Cate’s daughter Dre previously had an Aug Comm Device but she said it broke at school, she applied for another one only to be left in limbo with all the others. Cate said she’s seeing her daughter’s progress deteriorate.
“You get behavior issues, you get depression. Can you imagine being locked inside your body and not being able to tell anyone what’s going on with you,” Cate said through tears.
The News 4 Tucson Investigators reached out to the DDD for comment and received a statement saying in part it “is regularly communicating with members and families to provide updates on the status of their requests.” And is developing “clear recommendations to guide clinical practice and coverage for Aug Comm services and equipment.”
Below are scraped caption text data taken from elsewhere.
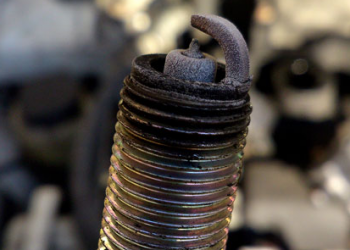 Comment Reconnaître des Bougies Encrassées dans Votre Voiture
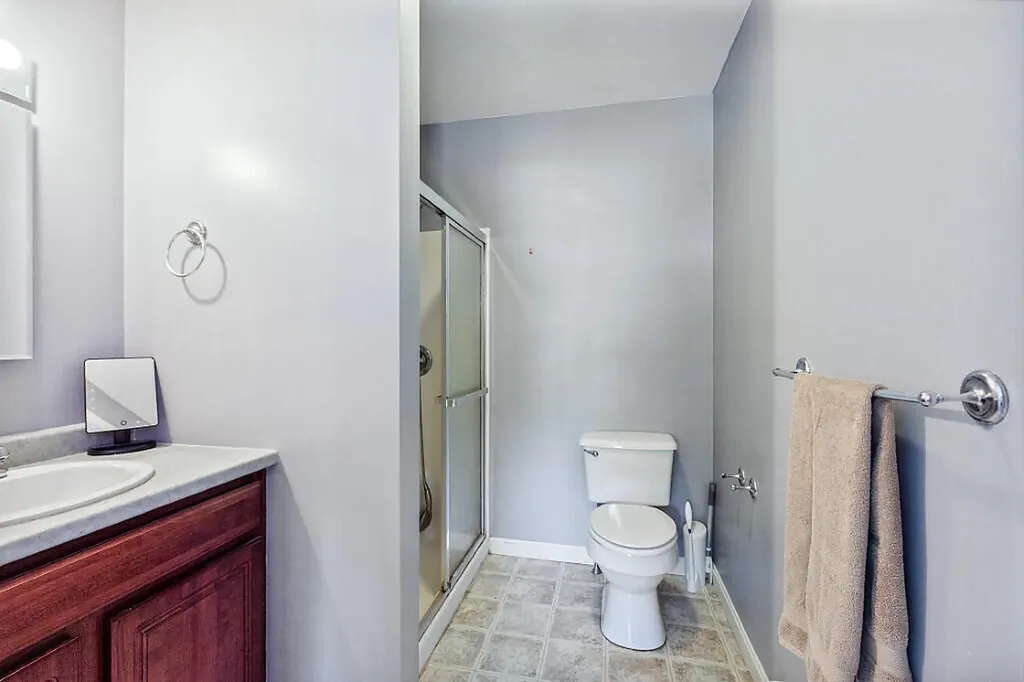 5 Howard Circle Sidney ME 04330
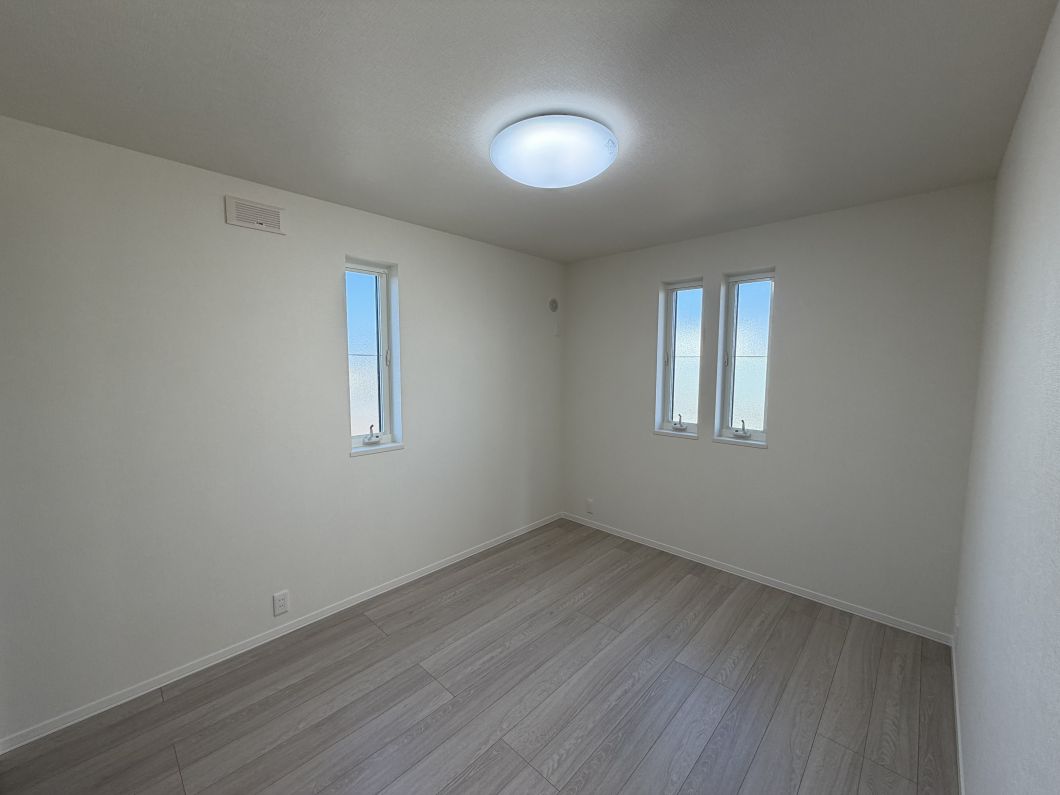 スマートハイムプレイス筑西市花の前No4_洋室2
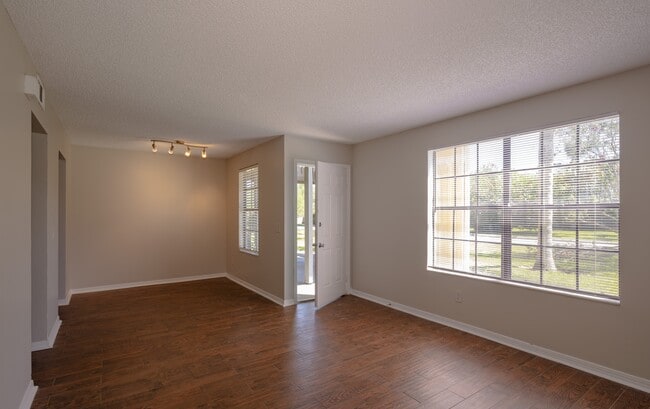 Building Photo - Seaside Villas Apartments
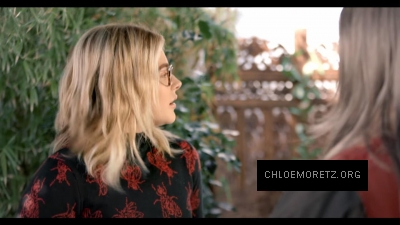 Chloe_Moretz_Schools_an_Alien_Expert_2815229.jpg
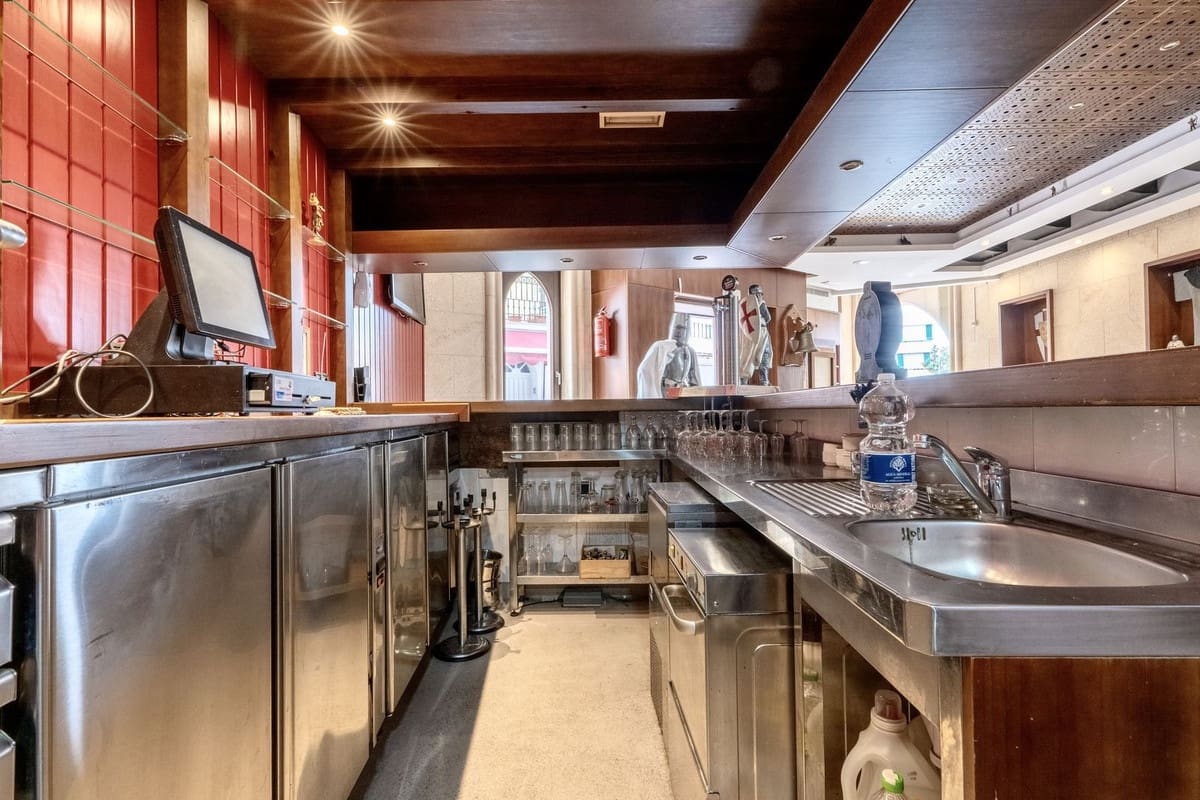 Restaurant/Bar à vendre à San Pedro de Alcantara - 477 000 € (Ref: 9733262)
Lexie says she hasn’t heard from them and has never received an apology from the DDD but says anything now is too little too late.
“It’s 100 percent not enough, and it never will be there are developmental milestones that kids need and a lot of them probably missed a lot of that already,” Lexie said.
The DDD said on January 1st it’s transitioning all management of the Aug Comm devices to its subcontracted Health Plans. That’s still part of the DDD but Ann Ronan says she’s hopeful that could help speed things up but Lexie isn’t very optimistic anything will get better.
View the DDD’s full statement to News 4 Tucson below:
The DES Division of Developmental Disabilities (DDD) has dedicated a considerable amount of resources and attention to resolving outstanding requests for the Augmentative & Alternative Communication (AAC) program. Our team is regularly communicating with members and families to provide updates on the status of their requests. There are many factors that play a role in decisions, and those decisions must meet the statutory criteria of being both "medically necessary" and "cost effective." For example, sometimes there might be agreement that an individual needs a device, but a request for a specific type of device might not be approved. In that case, we would work with the member to find a solution that meets their needs within the program's legal requirements. We have established a proactive outreach process to assist members and their families in understanding the current status of their requests for service or devices, and we are creating a streamlined approach to assist members in completing any necessary clinical steps. DDD is also in the process of ensuring the establishment of applicable and clear recommendations to guide clinical practice and coverage for AAC services and equipment.
On January 1, 2021, DDD will transition the management of the AAC benefit to the sub-contracted DDD Health Plans, which currently manage all other Durable Medical Equipment benefits for DDD members. This will leverage their experience as well as their ability to access a broader network of providers and resources for members. DDD will continue to be involved in oversight of the DDD Health Plans to ensure members are receiving high-quality services in a timely manner.”